This story in the Financial Times asks the question “what are we to do with Saddam if we catch him alive?”
The US government’s decision will tell us whether any wisdom has been gleaned from the army’s experience more than half a century ago. It has a number of options.
First, it could shoot him. This was General George Patton’s choice for dealing with captured Nazis: line them up, tell them what they did and pull the trigger. Was there any question of their guilt? One look inside a concentration camp was enough to know. Why dignify such behaviour with trials? The drawback is that this option contradicts the principles of democracy which the Bush administration says its invasion is intended to preserve.
Second, it could try him before an international court. The charges against Mr Hussein would include violations across several borders, which would justify his trial before an international tribunal similar to Nuremberg. Like Nuremberg, however, such a court would be vulnerable to charges of “victor’s justice” – guided not by due process but by a desire for revenge.
Nuremberg’s detractors were quick to point out that Russia’s crimes were as reprehensible as Germany’s. How did Stalin’s regime qualify to sit on the tribunal and judge Germany? And did transgressions by the British and US, such as the bombing of Dresden, not throw doubt on their ability to judge a defeated enemy fairly? For all they achieved, the Nuremberg trials remain compromised by these questions.

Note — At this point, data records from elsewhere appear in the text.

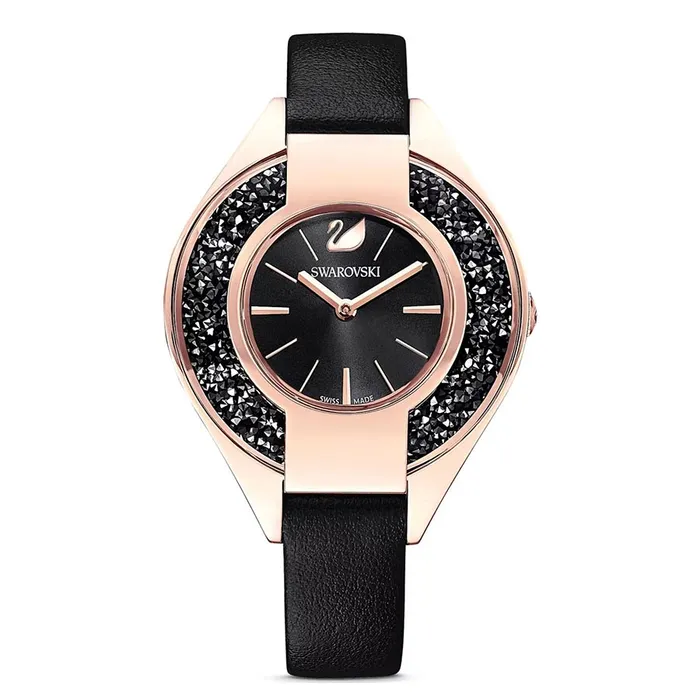 Đồng Hồ Nữ Swarovski Crystalline Sporty 5547632 Watch Màu Đen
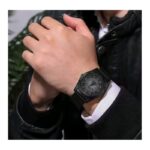 ⁦ساعة رياضية رجالية مقاومة للصدمات ، حزام سيليكون متين - لون اسود⁩ - الصورة ⁦2⁩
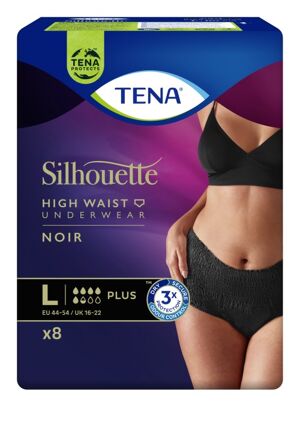 TENA Silhouette Plus Noir L Inkontinenz Pants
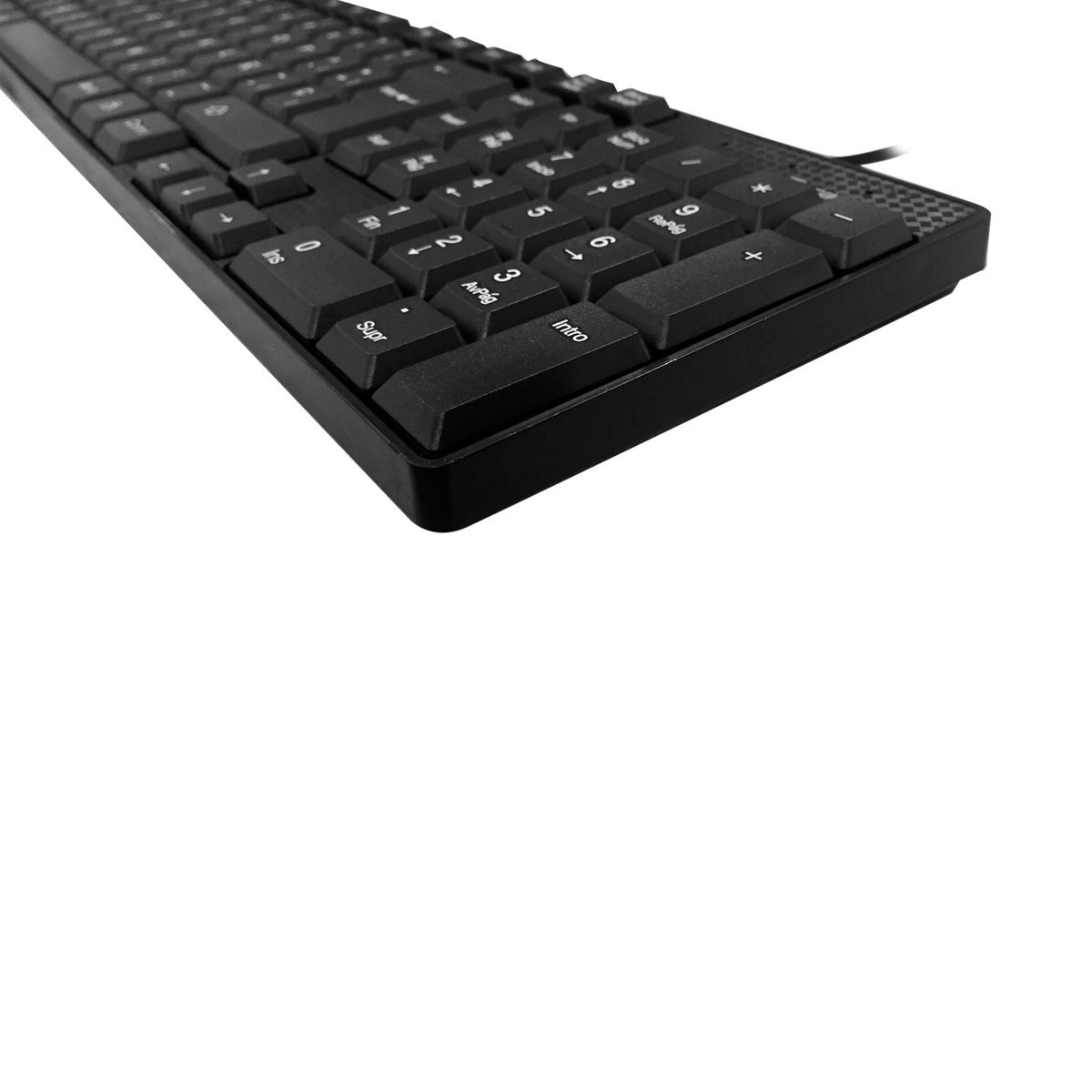 teclado computadora color negro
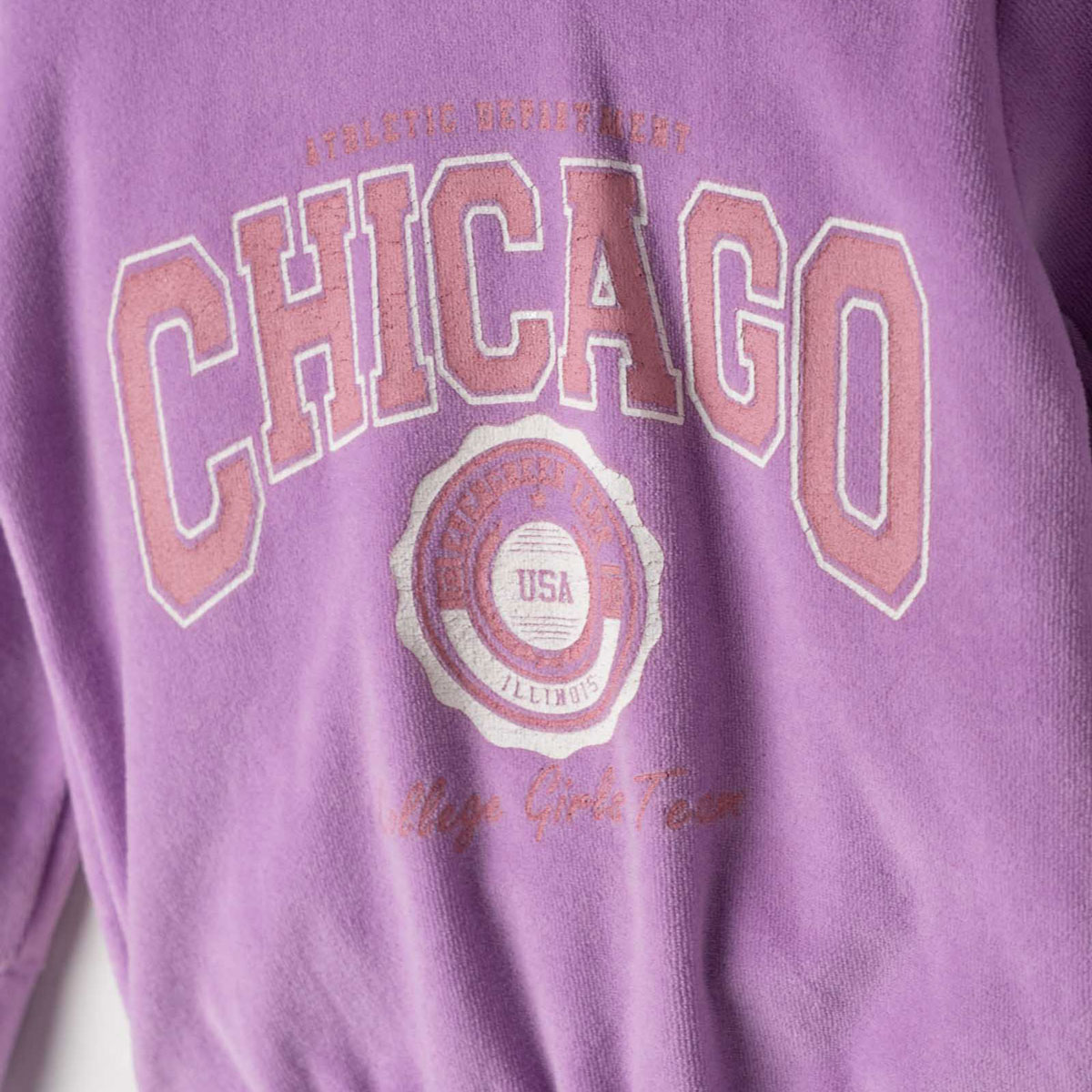 Παιδικό βελουτέ σετ με φόρμα ΕΒΙΤΑ κορίτσι - 2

Third, it could turn him over to his own people. This is unlikely. If compromised by Mr Hussein’s forces, such a court might vindicate him and find the US guilty of an illegal invasion. At the end of the first world war, the US turned German prisoners over to the German government for trial. A handful were tried, the rest set free. The US would not risk a repeat of that fiasco.
Fourth, it could try him before a military tribunal. This is the most likely scenario. It has precedent. Between November 1945 and August 1948 nearly 2,000 of Hitler’s henchmen – administrators of concentration camps where the “final solution” was implemented – were tried by such a tribunal at Dachau, 65 miles south of Nuremberg, in one of the largest yet least known series of war trials in history.
Tribunals, however, face tricky procedural issues: how far down the chain of command would guilt extend? What rights would the accused be granted in preparing their own defence? What charges might be brought, on what kind of evidence? This panoply of legal challenges has plagued such efforts in the past.
In my mind, the best option is probably the much-reviled International Criminal Court. It would provide open proceedings that the world can see – you know, they way things are done in a free society and all that – and the Bush administration’s contempt for it would be a strong defense against charges that it’s just a puppet of the American government. Naturally, I don’t expect this to happen.
Obviously, things will be much easier for Team Bush if Saddam and his inner circle are considerate enough to be casualties of combat. No one will bother noticing a military tribunal for lower-ranking functionaries, at least as long as we don’t get too zealous about it. I’ll say this: The longer this invasion takes, the less likely Team Bush is to be in any way magnanimous in victory.
The ICC won’t execute him, though. I’m sure that the Administration wants him dead, and I don’t disagree.
The solution is obvious. After interrogating him for whatever that is worth, turn him over to those he tortured and the families of those he killed. Let them decide. This places him in the same jeopardy his victims were in. Maybe he would be set free. If so, good for him.